--- START ---

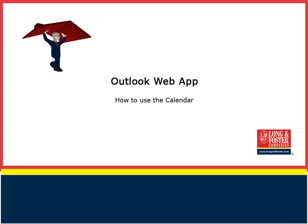Welcome to this training video on the Outlook Web App. We will cover how to access and use your Outlook Calendar function.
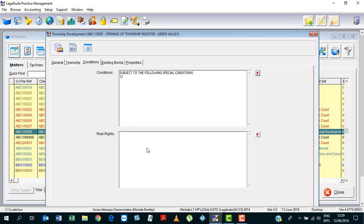Same with real rights, in the real rights screen, here you would list the real rights that have been reserved in respect of the various properties.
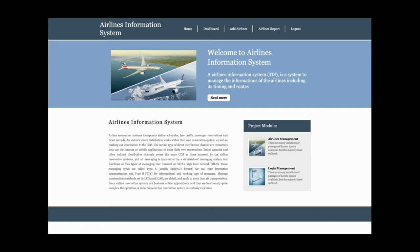This is a very basic Airlines Information System project in which I am only storing information about airlines. It's a mini project. From this project you will learn how to develop a basic project in Python Django, how to write code for inserting, editing, deleting, and updating data, how to create base and child templates, how to integrate HTML, CSS and JavaScript, and how to upload images to the database.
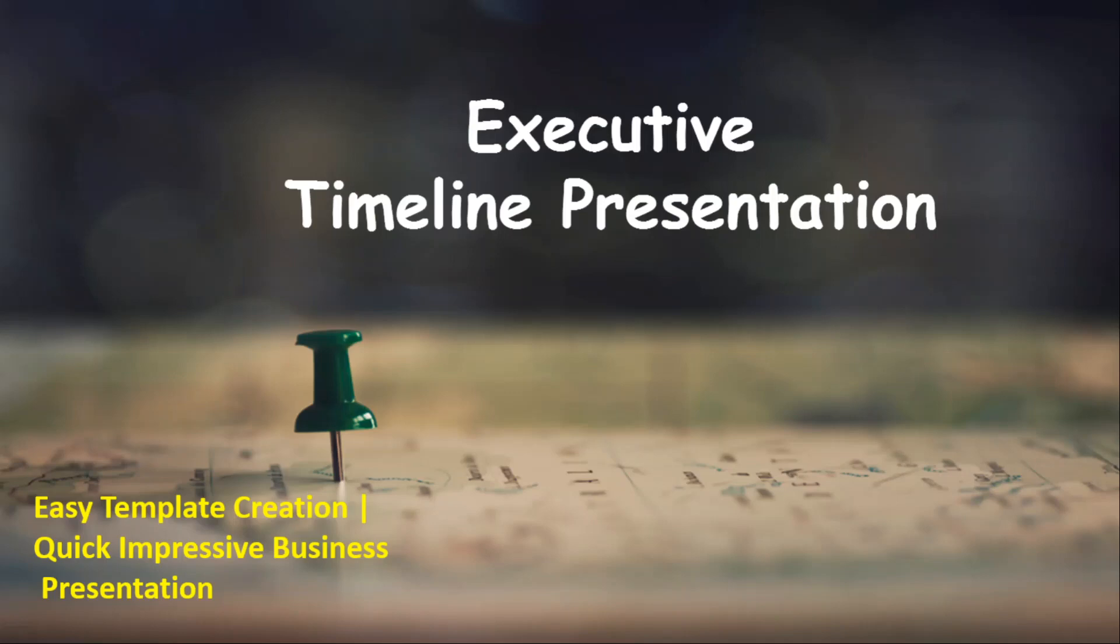Hello viewers, welcome to Sharing Minds channel. In today's video, we are going to see how to create an executive timeline presentation. This is an easy template which everyone can create at no cost. It is quick and really an impressive business presentation.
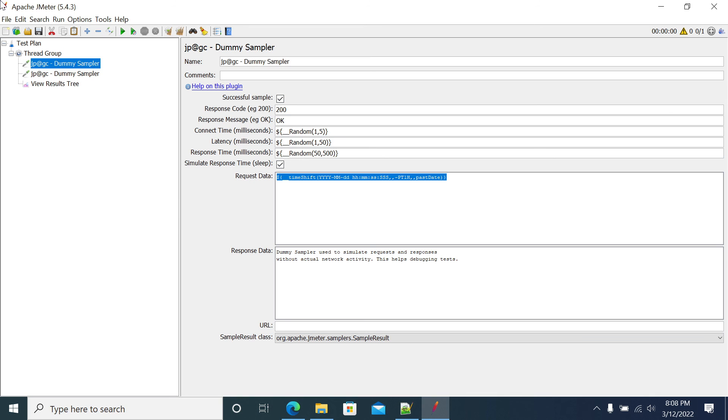This is how we need to use time shift to past or future in JMeter without any BeanShell, JSR223, Groovy scripts in your code, in your script. Thank you. Thanks for learning.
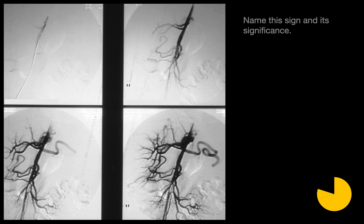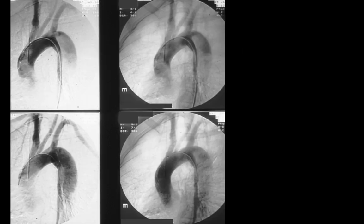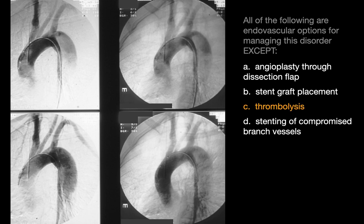This is called the floating viscera sign, and it is an indicator of a possible aortic dissection. What we see here is a pigtail catheter angiogram performed via the aorta. Endovascular options for managing this disorder — except thrombolysis — include angioplasty through the dissection flap, stent graft placement, and stenting of compromised branch vessels.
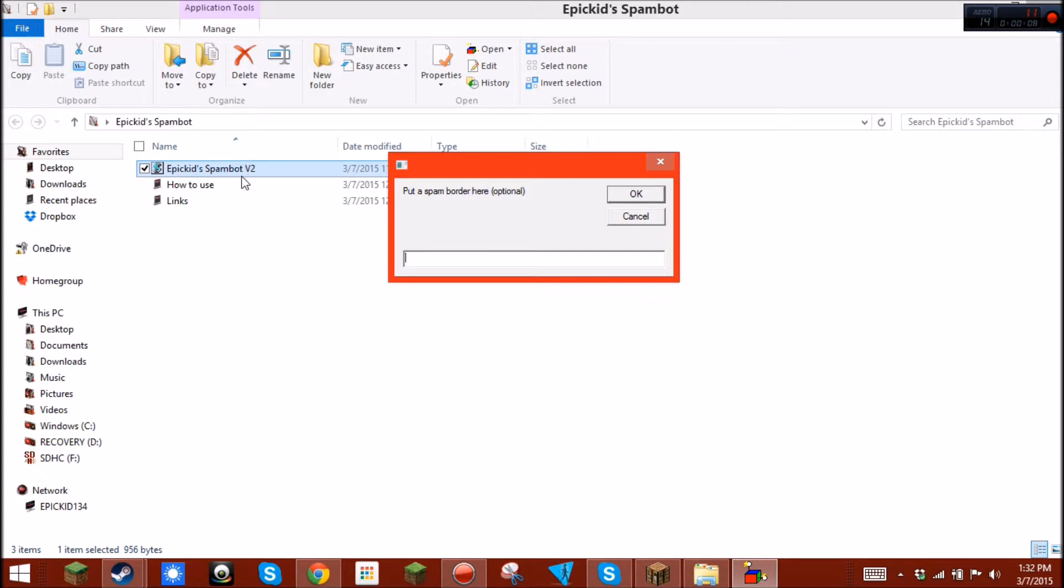You can put a spam border on. Now what that is, is it used to say Epicut SpamBot activated and deactivated. Well, now you can customize that message, and do whatever you want.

--- END ---

*ACTIVITY*: In the records above, take every line from the opening one through the line with "Same with real" and repeat it exactly; pictures are not part of the copy.

*SOLUTION TO THE EXERCISE*:
Welcome to this training video on the Outlook Web App. We will cover how to access and use your Outlook Calendar function.
Same with real rights, in the real rights screen, here you would list the real rights that have been reserved in respect of the various properties.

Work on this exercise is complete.